A better look at the gatehouse.

Also able to experiment with selfies, although the photo quality is poorer.  Behind me is the Sakashita-mon gate, one of several entrances to the inner castle.  Also note the runners; the perimeter of the castle makes a very popular 5-km loop, and I passed hundreds of runners (running in the opposite direction) as I walked the same loop.

The stone foundation for the donjon of Edo Castle.  Hidetada began construction of the largest donjon in Japanese history, which was completed under Iemitsu.  Unfortunately, the donjon burned just 19 years after completion in the Meireki Fire of 1657, and was never rebuilt. 

I notice that foreign tourists tend to take pictures of themselves with the main attractions and landmarks; not so for the Japanese, who appear to disdain the selfie.  Rather, I'll see many Japanese, especially old men, spending long minutes setting up photos of flower blossoms.  Here's my take of a hydrangea in the East Gardens.

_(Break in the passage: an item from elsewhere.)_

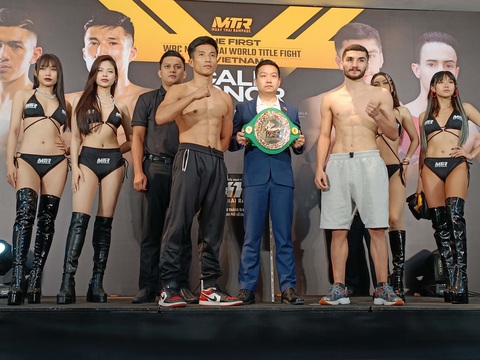 Minh Phát tranh đai WBC Muay Thai thế giới với võ sĩ Iran - Ảnh 1. Trương Cao Minh Phát (trái) và Mostfa Armand sẵn sàng cho trận tranh đai WBC Muay Thai thế giới - Ảnh: T.P.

Alas, this would be such a great shot if not for my finger in the corner.  A guardhouse in the East Gardens, formerly the keep of the castle and now open to the public.

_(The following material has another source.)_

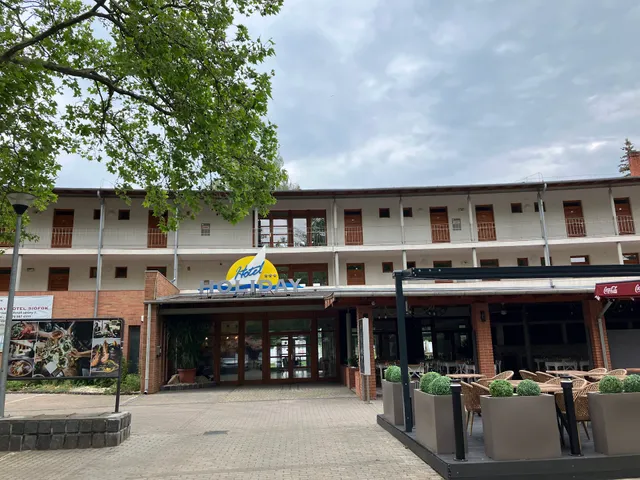 Hotel Holiday Siofok Hotel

Not an especially engaging photograph visually, but an interesting look at the inside of the walls as they would have been during the castle's military life. There's a moat on the other side of the stone wall, on top of which sits a thinner plaster one.  Note the gun-ports, from which soldiers could fire tanegashima, or muskets.
Overall, Edo Castle was pretty enjoyable, although I find that I much prefer being a tourist with friends. Touring alone allowed me refreshing freedom of movement, but I definitely prefer being able to share what I experience.
Next up: Kamakura, then back to work!

Thursday, June 4, 2015

The Rat Race

The Rat Race
6/5

Alack, the tedium of daily life has finally overtaken me.  Today I took the train without once being confused.  It wasn't as monumental a milestone as I expected; rather it was almost mundane.  Past moments of confusion include: taking the express instead of the local, taking the local instead of the express, not having enough fare, and expecting a ten-minute train ride to take an hour.*  Today's Friday, and I'm finishing up my first work week in Japan.  I'll mention that although I've been here a full work week, I didn't work the entire time.  So, what did I do?

Introductions  

There were many people to meet.  I know I won't remember names, but I'm trying my best to memorize as many as possible.  I met what feels like the entire administration of Toshidai with Koitabashi-san, and many members of the academic departments, including the president of the university, with Sugimoto-sensei.  I'm pretty sure I made terrible first impressions; the basic format of a Japanese introduction includes "hajimemashite" (nice to meet you), a brief self-introduction, and "yoroshiku onegaishimasu" (general one-size-fits-all phrase, used when asking for a favor, meeting someone, and probably many other social situations).  It took me awhile, however, to realize that while English-language introductions are often conversational, with the introducer introducing himself and then answering polite questions about him/herself, the Japanese style is much more formal, in which the introducer presents all of this information without much prompting in a short speech while their audience listens.  Sugimoto-sensei chalked it down to nervousness (kinchou), but the awkwardness of future introductions noticeably decreased when I realized that everyone was waiting for me to say more about myself.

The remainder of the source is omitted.